Jeder Vierte schaltet ab – mitten im Schichtbetrieb

Die Zahlen sind ein Warnsignal, das kaum lauter sein könnte: 28 Prozent der deutschen Arbeitnehmer machen 2024 nur noch das, was unbedingt nötig ist. Kein Engagement, kein Extra-Einsatz, kein Blick über den Tellerrand.

So zumindest das Ergebnis der neuen EY-Jobstudie, für die 2.000 Beschäftigte befragt wurden. Der Anteil der Hochmotivierten liegt bei nur noch 18 Prozent – ein dramatischer Einbruch gegenüber 42 Prozent im Jahr 2019.

Der Abwärtstrend ist eindeutig. Und gefährlich. Denn was in den Büros, Werkshallen und Homeoffices des Landes passiert, ist keine Laune – sondern ein strukturelles Problem mit Milliardenkosten.

Was kostet fehlende Motivation? Milliarden

„Die Unternehmen verlieren mit jedem demotivierten Mitarbeitenden nicht nur Effizienz – sie verbrennen bares Geld“, sagt Jan-Rainer Hinz, Arbeitsdirektor bei EY. Laut seiner Einschätzung geht durch das brachliegende Potenzial ein Milliardenbetrag an möglichem Umsatz verloren.

Mittel- und langfristig droht ein weiteres Problem: Wer innerlich gekündigt hat, ist wechselbereit. Der Fachkräftemangel wird damit zur tickenden Zeitbombe.

Dabei trifft es nicht nur einzelne Branchen. Die Unlust zieht sich quer durch die Republik – von der Logistik bis zur Sachbearbeitung, vom Callcenter bis zur Konzernzentrale. Nur eine Gruppe tanzt aus der Reihe.

Während 67 % der Manager sich selbst als hochmotiviert sehen, herrscht im Team oft Dienst-nach-Vorschrift-Stimmung. Eine fatale Selbstwahrnehmung mit Folgen für die Unternehmenskultur.

Ausgerechnet der Staat motiviert besser

Überraschend gut schneidet ausgerechnet der Öffentliche Dienst ab.
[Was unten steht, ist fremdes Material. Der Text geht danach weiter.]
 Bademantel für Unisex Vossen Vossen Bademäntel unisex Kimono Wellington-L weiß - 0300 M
Dort bezeichnet sich immerhin jeder vierte Beschäftigte als hochmotiviert – deutlich mehr als im privaten Sektor, wo der Anteil bei nur 17 Prozent liegt.

Für viele mag das angesichts von Bürokratie, Digitalisierungsstau und Personalmangel erstaunlich klingen. Doch es zeigt: Arbeitsbedingungen, Verlässlichkeit und Planbarkeit sind offenbar mehr wert als ein Kickertisch und Gratiskaffee.
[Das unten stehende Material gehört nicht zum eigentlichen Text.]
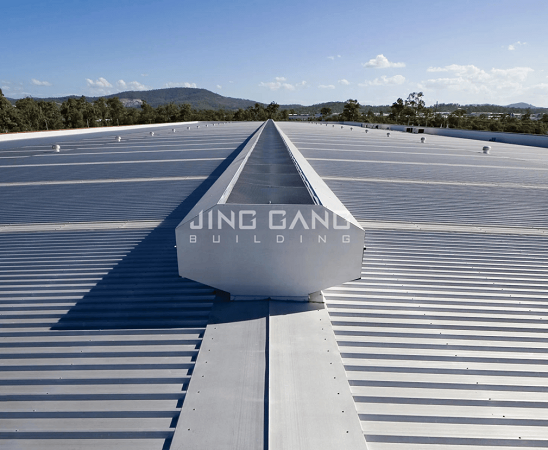 Ventilation Solutions for Steel Structure Buildings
Auch auffällig: Führungskräfte fühlen sich noch vergleichsweise motiviert – zwei von drei Managern gaben das in der Umfrage an. Doch ihr Blick auf das „untere“ Drittel ist oft ein anderer. Wer regelmäßig mit Burnout, Überstunden und Unterbesetzung kämpft, verliert zwangsläufig irgendwann den inneren Antrieb.

Motivationskrise made in Germany – hausgemacht und unterschätzt

Der Vertrauensverlust in Arbeitgeber und Arbeit als solche ist oft hausgemacht. Immer mehr Beschäftigte erleben fehlende Wertschätzung, schlechte Führung und das Gefühl, nur eine Nummer im System zu sein.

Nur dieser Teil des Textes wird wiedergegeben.